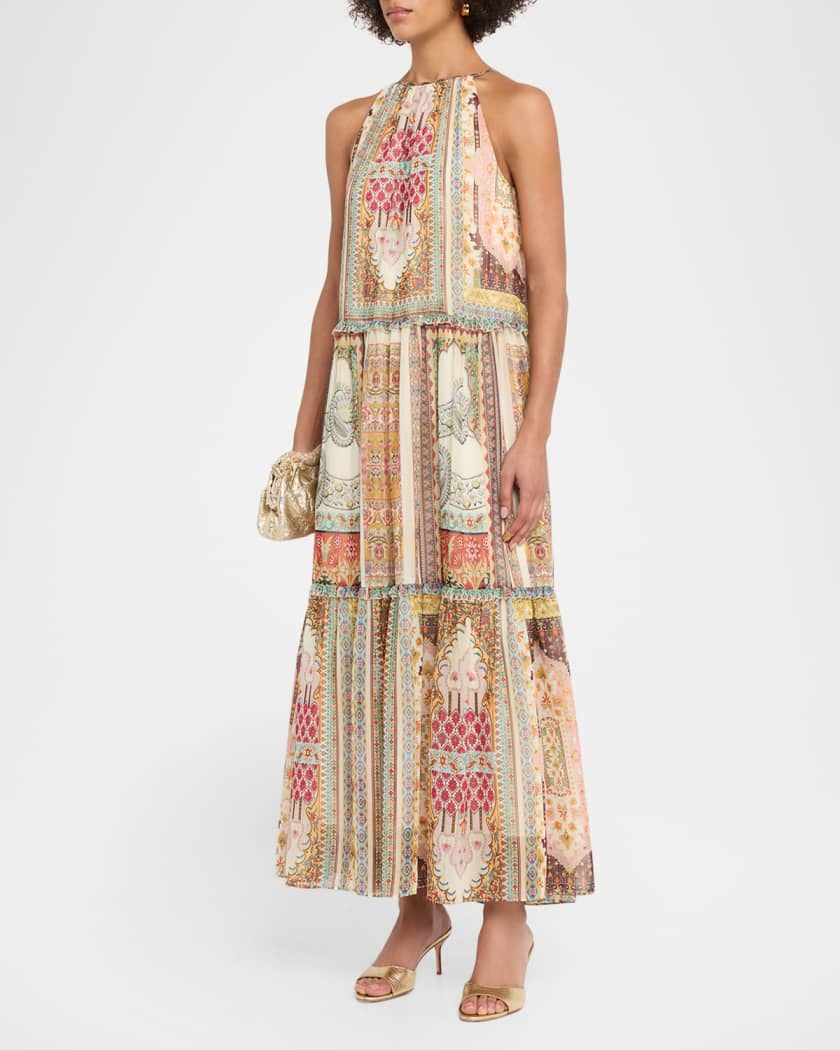 ruched floral maxi dress Strapless Ruched Floral Stretch Mesh Gown In Navy Multi, Navy Multi / Regular / 20
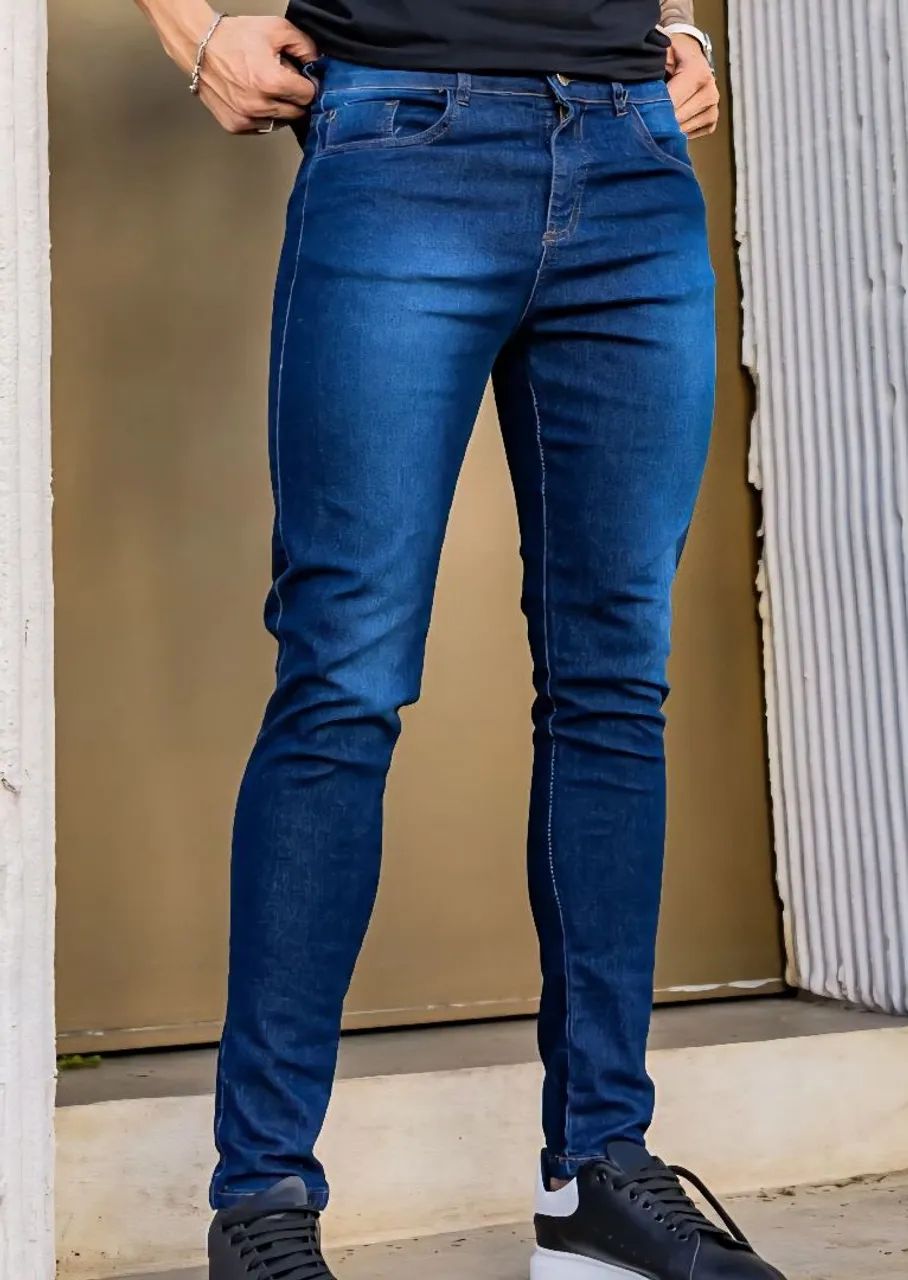 Calça jeans masculina 38 nova - com elastano 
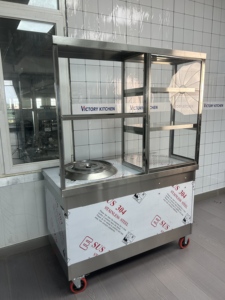 VICTORY, superventas, de acero inoxidable, carrito de aperitivos, carrito de té de la leche con cubo de sopa, equipo de catering, camión de comida - Product Image 2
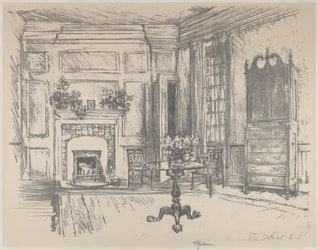 The Upper-room, Stenton, 1912.
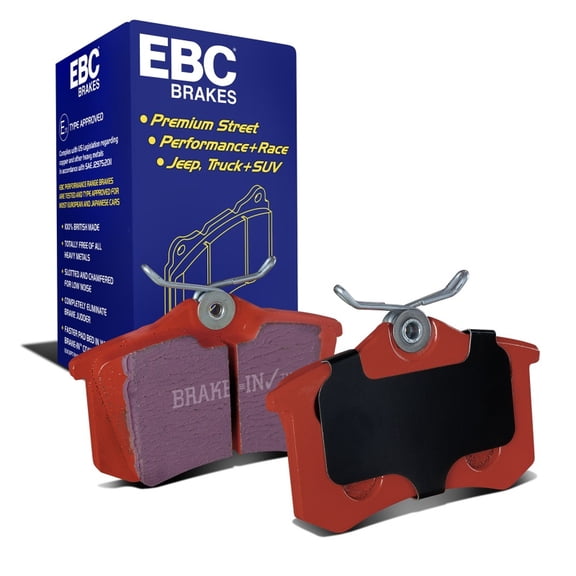 EBC Brakes Redstuff Premium Fast Street Pad For All Engine Sizes Fits select: 1984-2005,2010-2018 VOLKSWAGEN JETTA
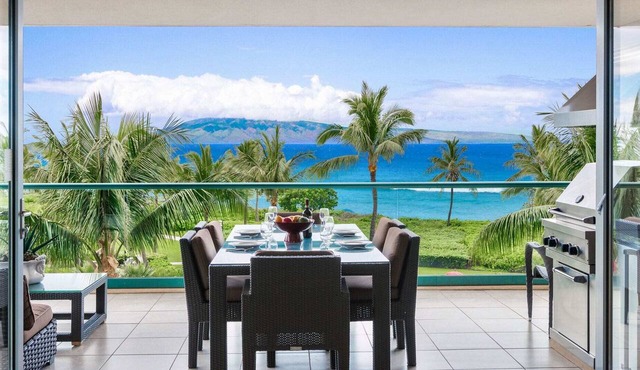 Maui Resort Rentals: Honua Kai Konea 351, 3BR w/Direct Oceanfront Views + B.B.Q. on Balcony!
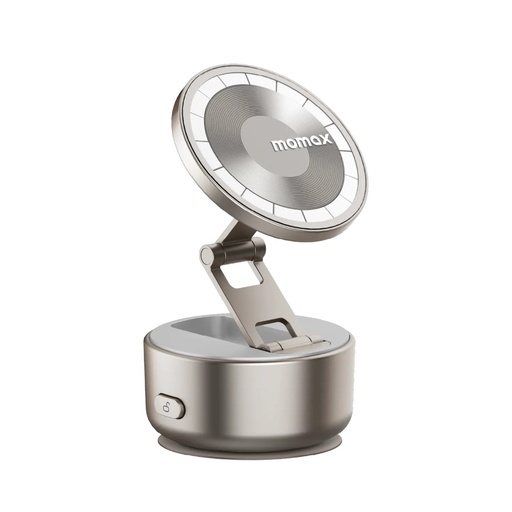 [KH20L] Momax 1-SNAP GO Auto Suction Magnetic Phone Stand (Titanium)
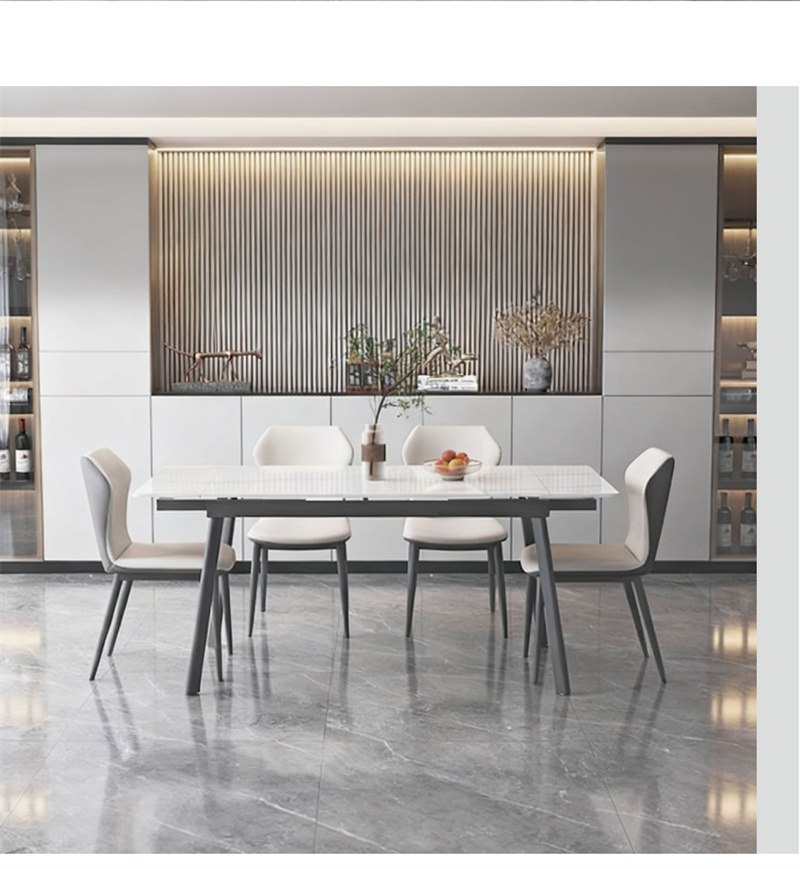 Telescopic table frame with multi-section sliding extension system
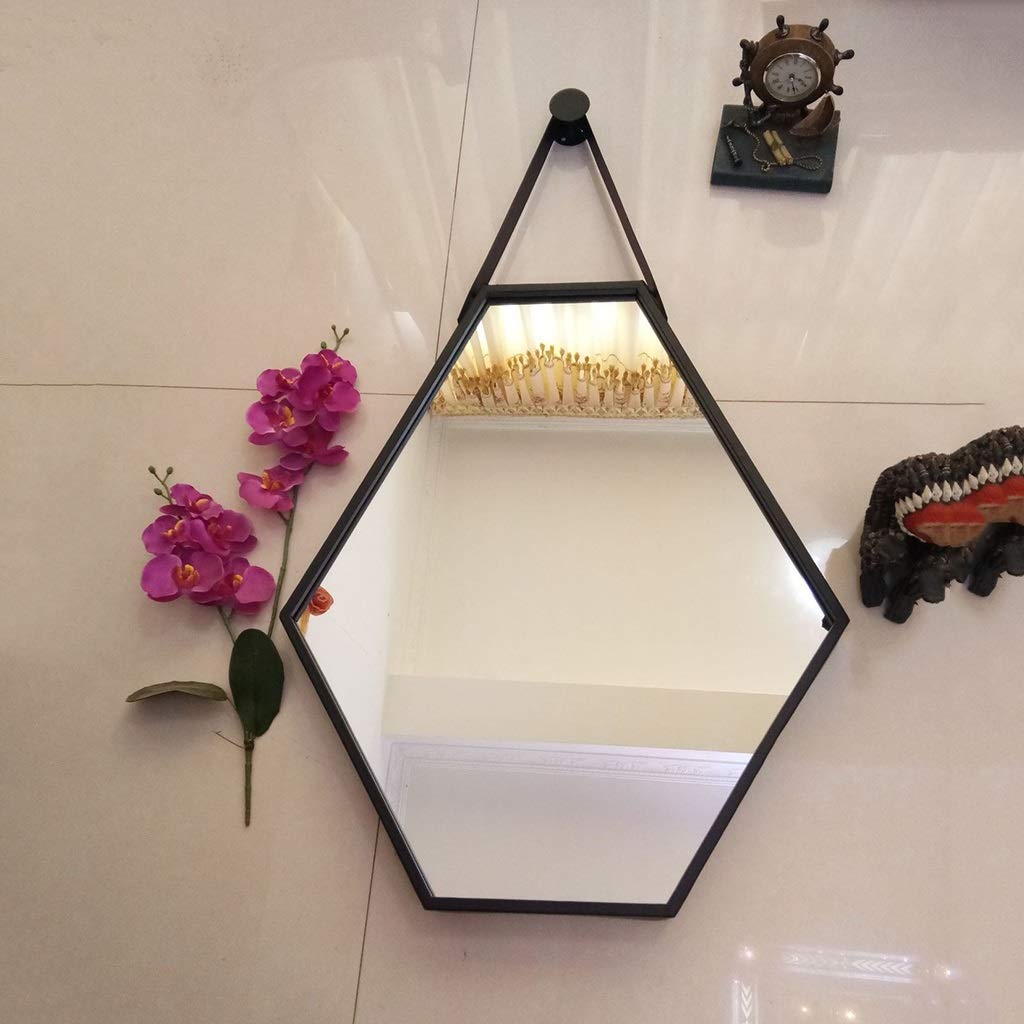 Specchi da Parete per Soggiorno Rotondo, Specchio da Bagno Europeo Specchio Decorativo Specchio da Toeletta Specchio da Appendere Specchio per Il Trucco (Size : 5667cm)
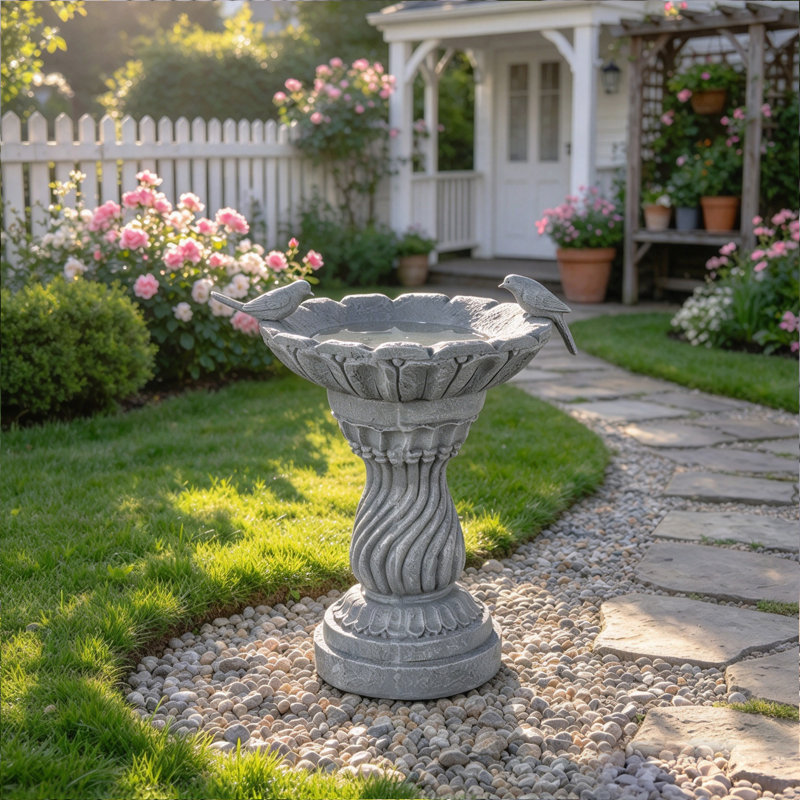 Concrete / Cement Birdbath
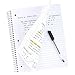 Five Star Spiral Notebook, 5 Subject, Wide Ruled Paper, Fights Ink Bleed, Water Resistant Cover, 8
•••••
=== What to produce ===
Please reproduce the lines exactly from the one containing "Concrete / Cement Birdbath" through the last line of the data above, and keep the pictures out.

=== Answer below ===
 Concrete / Cement Birdbath
 Five Star Spiral Notebook, 5 Subject, Wide Ruled Paper, Fights Ink Bleed, Water Resistant Cover, 8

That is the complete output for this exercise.